Universal preventive methods can be called systematic physical activity, walking, proper nutrition, timely referral to doctors.
Regularly bothersome inspiratory dyspnea always indicates any health problems, so doctors should be consulted in any such cases. Urgent medical attention is required in situations when against the background of breathing difficulties there is pain behind the sternum, fever, severe cough, nausea, vomiting.
Forecast
With timely referral to doctors with the problem of inspiratory dyspnea, with quality diagnosis and competent treatment, the prognosis can be considered favorable. But it is impossible to eliminate the problem without a systemic impact on the initial cause of pathology.

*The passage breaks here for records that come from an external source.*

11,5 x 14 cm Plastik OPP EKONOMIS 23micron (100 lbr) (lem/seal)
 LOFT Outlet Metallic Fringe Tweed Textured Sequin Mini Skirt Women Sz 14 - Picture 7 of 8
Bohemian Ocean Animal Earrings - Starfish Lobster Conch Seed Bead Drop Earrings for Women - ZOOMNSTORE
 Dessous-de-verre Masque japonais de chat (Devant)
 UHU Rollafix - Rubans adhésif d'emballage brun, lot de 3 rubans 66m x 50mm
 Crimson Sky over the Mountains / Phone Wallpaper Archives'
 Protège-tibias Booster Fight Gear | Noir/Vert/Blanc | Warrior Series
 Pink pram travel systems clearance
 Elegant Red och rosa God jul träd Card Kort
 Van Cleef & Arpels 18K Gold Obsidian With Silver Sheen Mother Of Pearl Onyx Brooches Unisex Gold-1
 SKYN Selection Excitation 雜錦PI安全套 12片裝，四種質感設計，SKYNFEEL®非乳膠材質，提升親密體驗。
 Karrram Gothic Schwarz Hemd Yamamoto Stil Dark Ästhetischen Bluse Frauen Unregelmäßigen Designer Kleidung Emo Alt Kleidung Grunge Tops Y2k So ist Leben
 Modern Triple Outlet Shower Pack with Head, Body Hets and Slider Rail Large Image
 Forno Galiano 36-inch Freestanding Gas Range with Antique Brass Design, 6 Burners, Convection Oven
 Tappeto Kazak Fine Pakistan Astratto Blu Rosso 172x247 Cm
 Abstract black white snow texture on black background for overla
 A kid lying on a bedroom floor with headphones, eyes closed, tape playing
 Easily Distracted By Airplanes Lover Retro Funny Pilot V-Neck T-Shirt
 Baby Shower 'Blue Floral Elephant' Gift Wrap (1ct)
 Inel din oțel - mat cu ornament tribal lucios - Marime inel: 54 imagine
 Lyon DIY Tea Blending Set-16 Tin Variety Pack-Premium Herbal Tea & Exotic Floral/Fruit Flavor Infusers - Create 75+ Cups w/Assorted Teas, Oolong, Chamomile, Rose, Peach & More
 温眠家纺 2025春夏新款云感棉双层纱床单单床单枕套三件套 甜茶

If inspiratory dyspnea is caused by chronic cardiovascular diseases or pathologies of the respiratory apparatus, the patient is necessarily recommended to change lifestyle, adjust diet and physical activity, take supportive medications prescribed by a doctor, if possible to exclude factors that can provoke repeated attacks.
To improve prognosis, it is recommended that:
- systematically perform breathing exercises;
- to control your body weight;
- avoid contact with potential allergens;
- eliminate smoking (both active and passive).
Inspiratory dyspnea can be a dangerous symptom of various serious problems in the body. It is important to find and neutralize the violation in time, so that attacks do not recur in the future.